I'd rather you didn't publish this sort of news
Not so much because it isn't newsworthy (it is, and is absolutely disgraceful) but more because you might give them ideas where I work...
Times are tough for Capita, or so it seems. The outsourcing giant is squeezing extra margin from its employees by charging them to use cutlery, cups and trays in the canteen. Our insiders tell us that call centre workers in Bury and Glasgow who decide to eat their own food in the canteen are forced to pay to consume their …
to the OP, I sincerely hope you don't run your own business, 'cause if you do then tell us the name so we can steer the hell away from it. Seriously, they are charging people for plastic disposable cutlery. What next? Toilet roll? Water fountain?

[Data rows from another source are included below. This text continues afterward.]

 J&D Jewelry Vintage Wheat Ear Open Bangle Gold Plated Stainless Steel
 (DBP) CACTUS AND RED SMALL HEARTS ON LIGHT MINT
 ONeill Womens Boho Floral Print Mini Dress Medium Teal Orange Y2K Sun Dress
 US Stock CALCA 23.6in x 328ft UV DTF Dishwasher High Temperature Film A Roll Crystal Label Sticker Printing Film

Air con?
When I used to work at Time computers even THEY weren't this miserly.
One part of the problem would be that the cost of managing the sale of crap cutlery to the staff and the discussion of same in meetings would far exceed the cost of giving the cutlery away for free.
Crapita are so used to charging their customers for badly miss-micro-managing their work they've now started to eat their own shit.

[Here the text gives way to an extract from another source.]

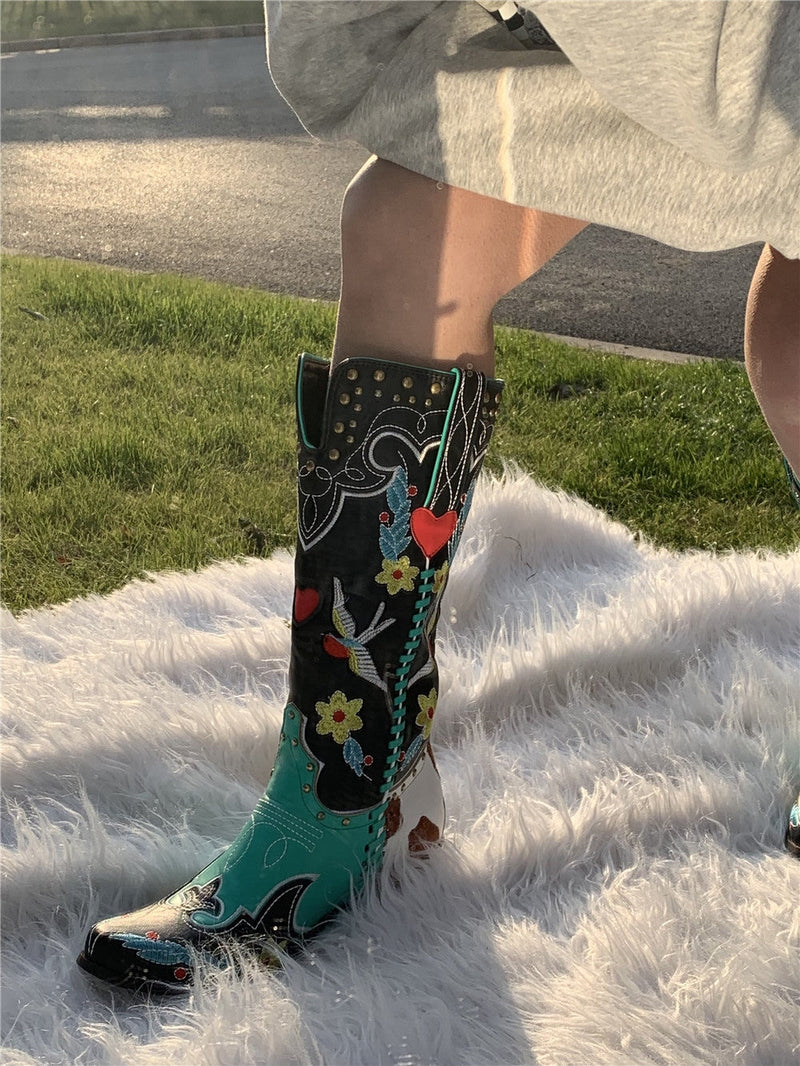 Bestickte Cowboystiefel Damen mit Blumenmuster Vintage-Luzern Mode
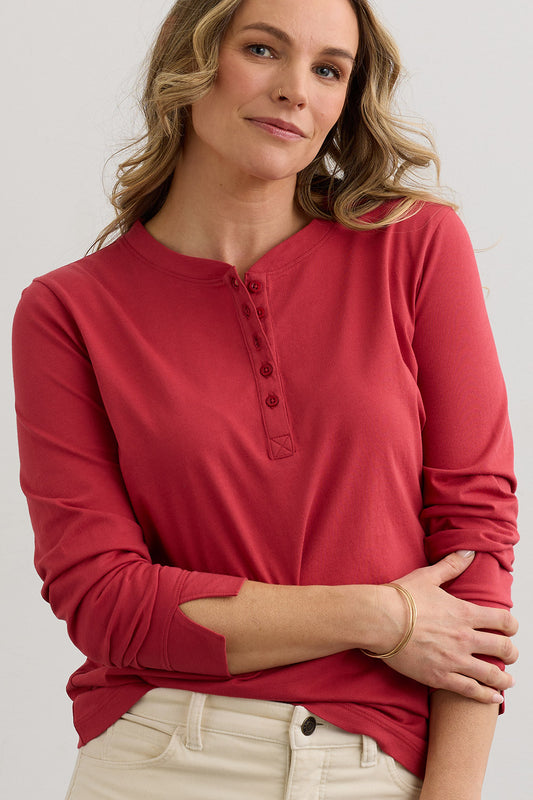 Women's 100% Organic Cotton Relaxed Long Sleeve Henley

... for those of us who don't have a canteen at all ...
It does seem petty to charge for cutlery, but most canteens these days seem to be run by catering firms. If that is the case with the canteens on those sites then it's hardly surprising that the firm(s) decided to stop giving cutlery away.
Canteens can be run by catering firm and still subsidised, was working on a site last year, full english about £1.20 for breakfast, a big lunch was about the same and used to visit it for dinner as well, my food bills were quiet low for a coupla months. Food was adequate - occasionally pretty good, they had a load of warehouse workers emptying loads into cold storage, so getting them well fed probably was a bonus because thats a calorie using job. Unsuprisingly the canteen was well used.
Well, a spoon really does add value to scalding hot bowl of soup.
Although I'd personally prefer to introduce that PR person to some e-re-training, via a multi-disciplinary agricultural/business crossover methodology - utilising a bovine stimulation prod device.
Or decapitatated her boss with a spoon
And no evidence to be found - we know there is no spoon :).
This definitely sounds like something cooked up by an accountant who was asked to squeeze a few extra cents out of the catering company contract, and was told that the catering company wouldn't budge unless they started charging for staff to use their stuff. Some things look great on spreadsheets but don't play out in the real world. See offshoring, sneaking in reduction of a product's package size instead of raising the price, and many others.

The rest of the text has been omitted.